Christmas carols. People of the “East” (Donetsk namely) had forgotten how to sing Christmas carols, and in general they lacked the generosity and spirituality of their western counterparts. Dmytro decided that we were going to prove this Lviv historian that he was wrong. He got out his accordion, and he led us in a collective singing of Christmas carols, Cossack marches, and some marches from Galicia. I knew the melodies, but I couldn’t remember all the words. Ihor knew all the words, but he couldn’t carry a tune. Luckily Dmytro knew both, and soon all three of us were singing Christmas carols and Ukrainian marches. As we sang, and as I listened to the chords ringing from the German-made accordion, I thought of all those protestors on the Maidan and about all the Doneskites here who also wanted a better Ukraine, but did not find it in the protest movement. They, too, sing carols, they also have memories about the troubled Soviet past, but others in Ukraine fail to understand them.

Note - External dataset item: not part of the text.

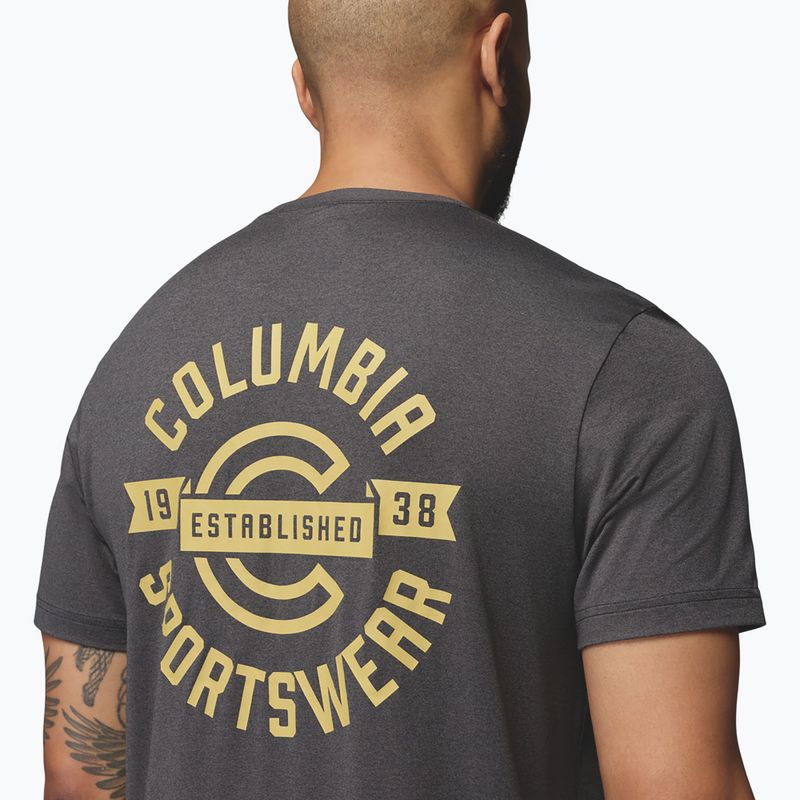 Tricou pentru bărbați Columbia Parsons Point SS Back Graphic Tee black heather blocky banner button 6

Inspired by our caroling, Dmytro called up some friends, and he and I went to their place to sing carols. As we rode a taxi to the friends’ house, Dmytro started talking to our driver about how things were going this year. The driver complained about how difficult it was getting with money. Inflation was going up, while wages were stagnant. He was finding it harder and harder to make ends meet these past two years or so. Later Dmytro suggested that this taxi driver probably had been for Yanukovych back in 2010. Many small businessmen, Dmytro and Ihor earlier had noted, also have been greatly frustrated with Yanukovych, because there are no real opportunities to develop business here (everything is monopolized).

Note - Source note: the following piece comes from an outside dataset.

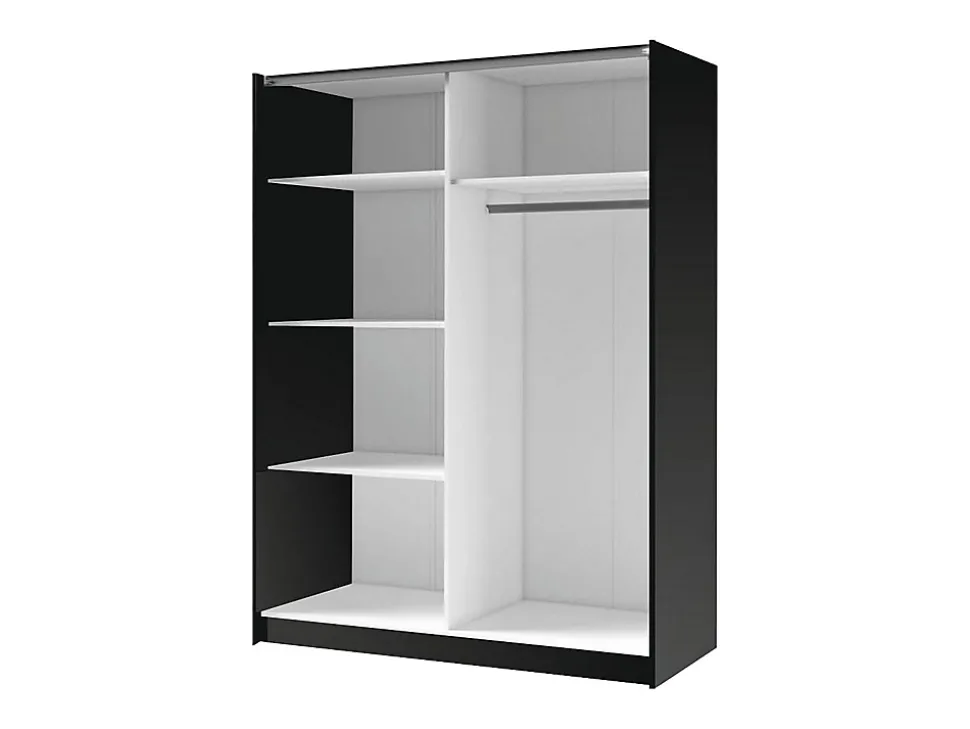 Armoire 2 portes coulissantes - Avec miroir - L150 cm - Noir et naturel - CALELA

We entered the home of Dmytro’s friends singing a carol as Dmytro played on his accordion. Then we drank, ate, and talked about the Maidan, sometimes watching scenes from it on TV. Dmytro’s friends are educated professionals involved in the Maidan movement. When I asked them about what it would take for Donetsk to join the Maidan movement, one of them said nothing would help, and that Donetsk would never really change. His friend, however, said that Donetsk, like Lviv, had potential to be politically active. While Lviv has fully developed as a flower, Donetsk has not done it yet. Admittedly we got into some serious arguments about Donetsk. One friend claimed coal miners were too servile and passive to help in the Maidan’s cause, while Dmytro, the son of coal miners, objected to them being called servile. As we talked about coal miners, one friend said that they’ve been used as objects of political manipulation, since there are only about 50,000-60,000 about them. Still, there are dozens of coal mines that are being kept open to launder people’s money. If austerity measures were taken, two thirds of them, or maybe all of them, would be closed.

Dmytro and I walked home. There, we had some more drinks and watched Soviet-era movies on Cossacks. Dmytro was deeply affected by those movies, as he’d heard stories about what had happened to them during the Russian Civil War. Donetskites remember the civil war. I could see it when Dmytro started to tear up at the scenes of Cossacks going to their immanent deaths.
And so went my assumptions about Donetsk – about it being a city of people without a history, people without politics, people without traditions or spirituality. Donetsk no longer looked like the polar opposite of Lviv, a city I’ve been observing for over 15 years, but a city in a different key, where Ukrainian history and traditions, and repression by the Soviet regime, very much mattered.